The new U.S. sanctions that President Trump announced Thursday will finally cut off the regime from the U.S. dollar, the currency it has continued to rely on for trade. Any institution that does business with Pyongyang will lose access to the U.S. financial system. Meanwhile, Chinese regulators told China’s banks on Monday to stop handling North Korea trade, and many of them had already frozen North Korean accounts.
These mark a significant ramp up in pressure on the North. Americans might think that such sanctions were already in place since the regime first tested a nuclear weapon 11 years ago. Barack Obama once called North Korea “the most heavily sanctioned, the most cut-off nation on Earth.” And the U.S. foreign policy establishment, right and left, has claimed that sanctions were tried and failed to change Pyongyang’s behavior.

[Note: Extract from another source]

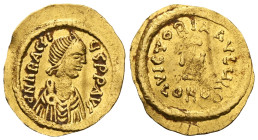 Heraclius (610-641 AD).(D) Tremissis , mint in Sicily, 610-613 AD Av.: d NN HeRAC-LIUS PP AVG, bearded bust with pearl diadem, draping and cuirass n.r...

Yet until last year United Nations and U.S. sanctions on North Korea were far less stringent than those imposed on Iran before 2015. Only in March 2016 did the U.N. begin to restrict the country’s commercial trade, and only in November did the U.S. sever North Korean banks from its financial system. This June the U.S. finally blacklisted a Chinese bank along with companies and individuals that helped the North obtain forbidden materials for its nuclear and missile programs.
Those were important steps, but on Thursday the gloves really came off. Treasury Secretary Steve Mnuchin told a press briefing, “Foreign financial institutions are now on notice that, going forward, they can choose to do business with the United States or with North Korea, but not both.” The punishments to be meted out are similar to those reserved for financiers of terrorism under the Patriot Act. One Administration official claimed that Thursday’s executive order goes further than sanctions on any other country.
So far the U.S. has declined to sanction large Chinese banks, so will it do that now? It may not have to. Since the U.S. fired its warning shot by sanctioning the Bank of Dandong in June, Chinese banks have frozen or closed North Korean accounts. That has reduced trade flows across the Chinese border by 75%, according to a Kyodo report. Fuel prices began to rise in Pyongyang even before new United Nations sanctions this month capped trade in petroleum.